Ce thème de la campagne fait écho à la banlieue du mois dernier, mais c’est surtout avec l’adoucissement de la chaleur d’août, compensée dans le propos des candidats aux prochaines élections, qu’il m’est apparu approprié de parler de cette campagne, qui couvre tout le Québec. Et commençons par cette expression de la campagne, qui n’a désigné qu’au XVIIIe siècle un territoire différent de la ville. Ce n’est ainsi pas tellement parce que pour une fois les chefs des formations politiques se déplacent hors des grands centres, où le maïs et les saucisses grillées sont plus abondantes, mais bel et bien par évocation des batailles que le mot finit par apparaître en français. Mais la campagne d’abord, c’est l’équivalent de la champagne et conséquemment du breuvage qu’on fabrique dans la région qui en a conservé le nom. On appelle doublets ces expressions de même sens issues des anciens parlers du sud de la France, où l’on disait oc pour exprimer son accord, et de celles du nord dont le oïl est devenu notre oui. Compagnon et copain sont d’ailleurs un autre exemple de ces doublets.

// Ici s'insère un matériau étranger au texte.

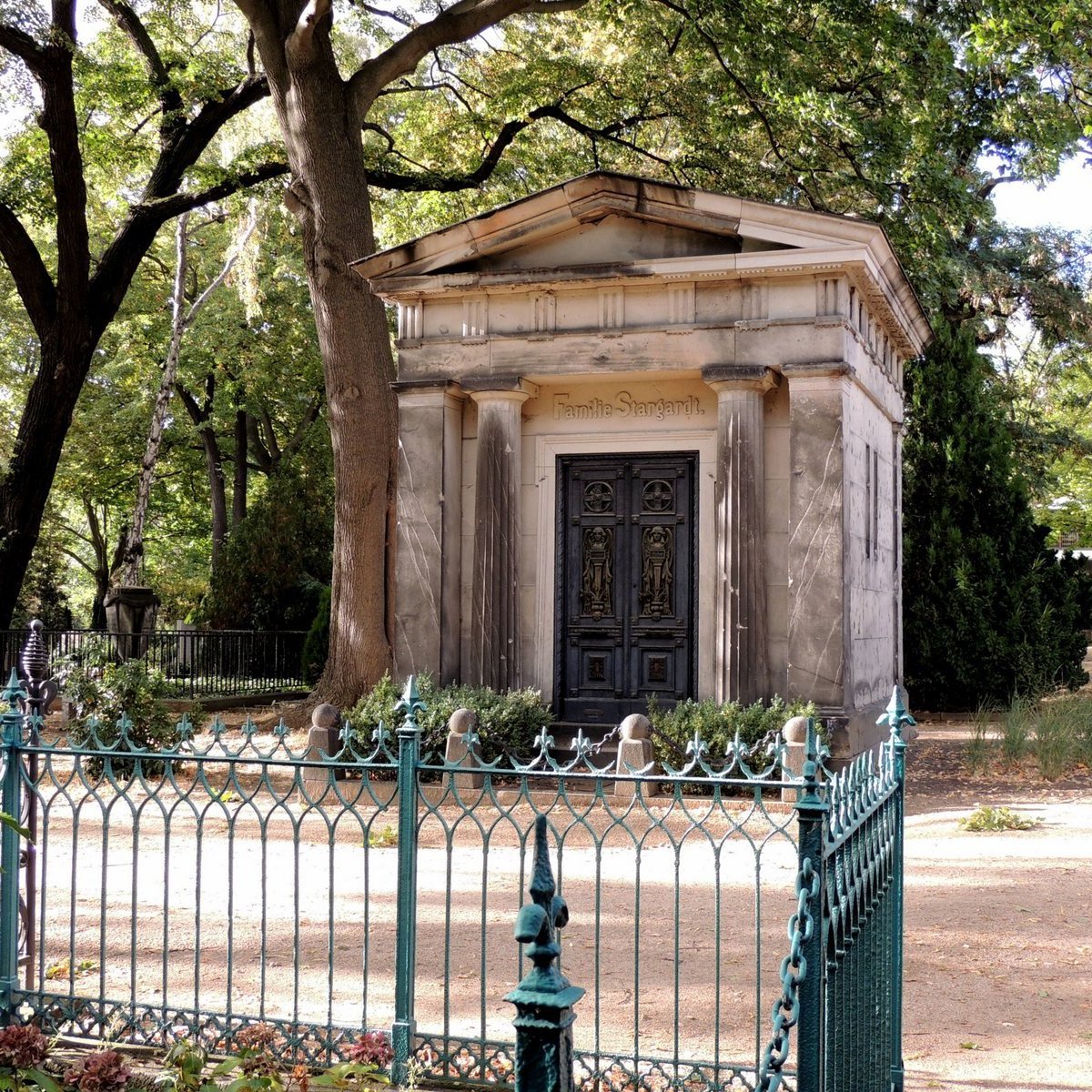 Dorotheenstadt Cemetery, Берлин - Tripadvisor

Or, on disait ainsi champagne au nord et campagne au sud pour évoquer toute étendue de pays plat. La langue des armoiries décrit d’ailleurs comme en champagne l’espace situé dans le bas d’un écu, où sur le blason du Québec sont placés, par exemple, les trois feuilles d’érable qui ont d’abord représenté le fait français avant que le Canada n’en pille la symbolique pour son drapeau. Les deux termes sont nés du latin campus (plaine), qui a été conservé aux États-Unis pour évoquer les espaces entourant des bâtiments universitaires, et que le Québec a aussi adopté pour parler de l’extension d’une université dans une autre ville que celle de la maison-mère. En latin, pourtant, campus s’opposait plutôt à urbs, le mot qui désignait la ville et d’où provient l’adjectif urbain. Or, le français a confirmé cette opposition quand les deux termes ont désigné l’espace des terres cultivées, parce que situées précisément en terre à surface plane, ou planche, comme on dit chez nous.

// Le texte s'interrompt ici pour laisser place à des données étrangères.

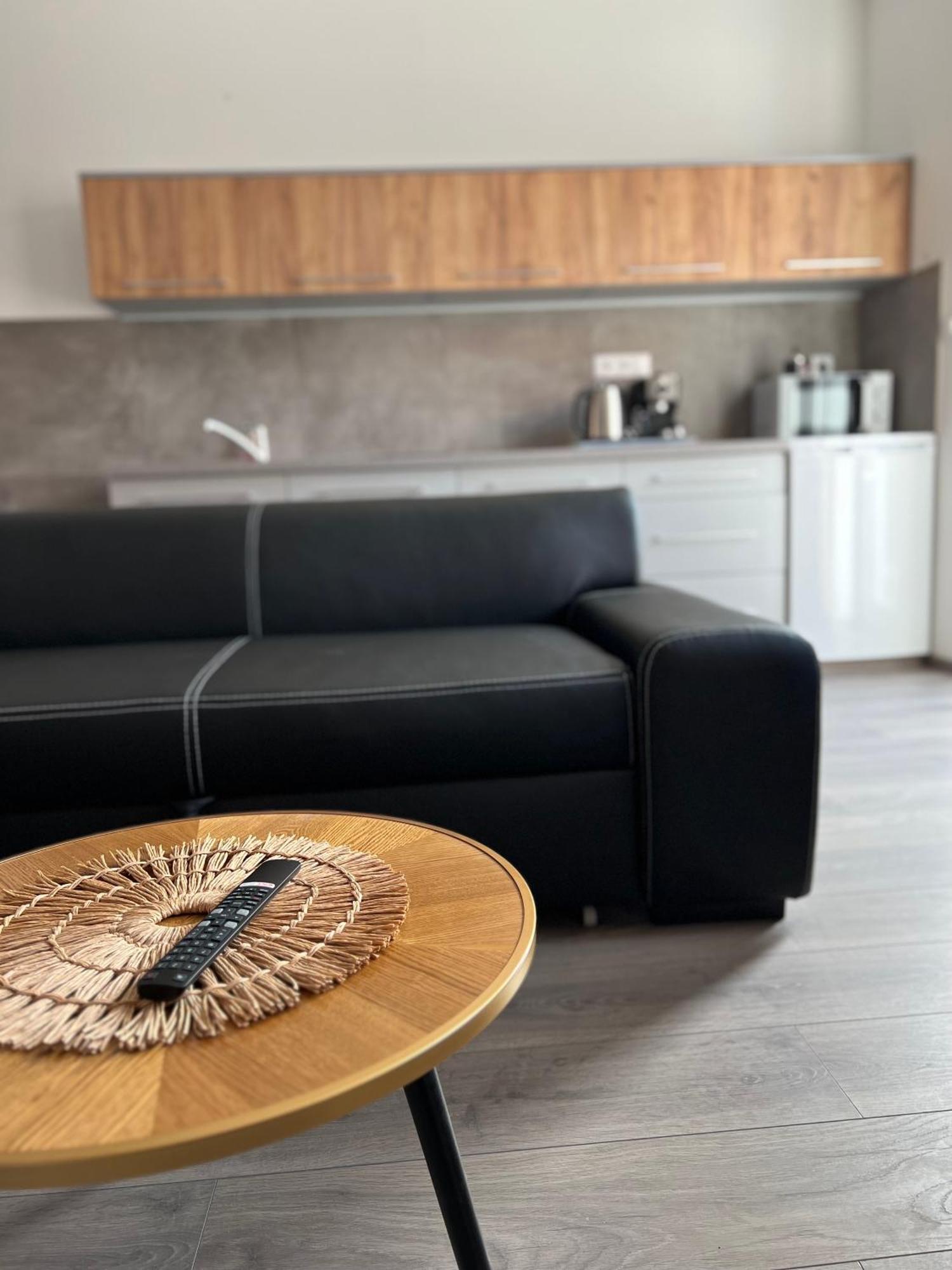 Apartmany Catalina Nesvady ภายนอก รูปภาพ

Parallèlement, le contexte de la plaine a conduit ensuite à des expressions comme faire campagne, c’est-à-dire s’équiper pour la bataille et de rendre à un endroit où l’ennemi pourra se présenter. Dans ce contexte de guerre, camper c’est monter un camp sur une plaine, en bâtiment généralement de toile, et préparer l’affrontement parce qu’à part les assauts dirigés contre les châteaux, c’est en plaine ouverte que s’affrontaient les armées régulières. Décamper c’était alors tout démonter, avec ou sans victoire, puis le mot a pris un sens négatif pour signifier renoncer à la bataille, souvent à cause de pertes trop nombreuses, puis partir rapidement. C’est de cette éventualité que provient l’expression prendre la poudre d’escampette, plutôt que la poudre à canon.

Notre camper contemporain est plus calme, mais il s’agit encore de se protéger temporairement dans un environnement inhabituel ; de champ dérivent aussi champignon (produits spontanés des champs et des bois de la campagne) et champion (qui combattait en champ clos lors des tournois). Ainsi, pendant que les pancartes poussent comme des champignons, en campagne moderne, nos chefs de partis se déplacent en divers lieux sans y rester longtemps, en une sorte de championnat touristique, avant de décamper pour se préparer à boire le champagne de la victoire, peut-être.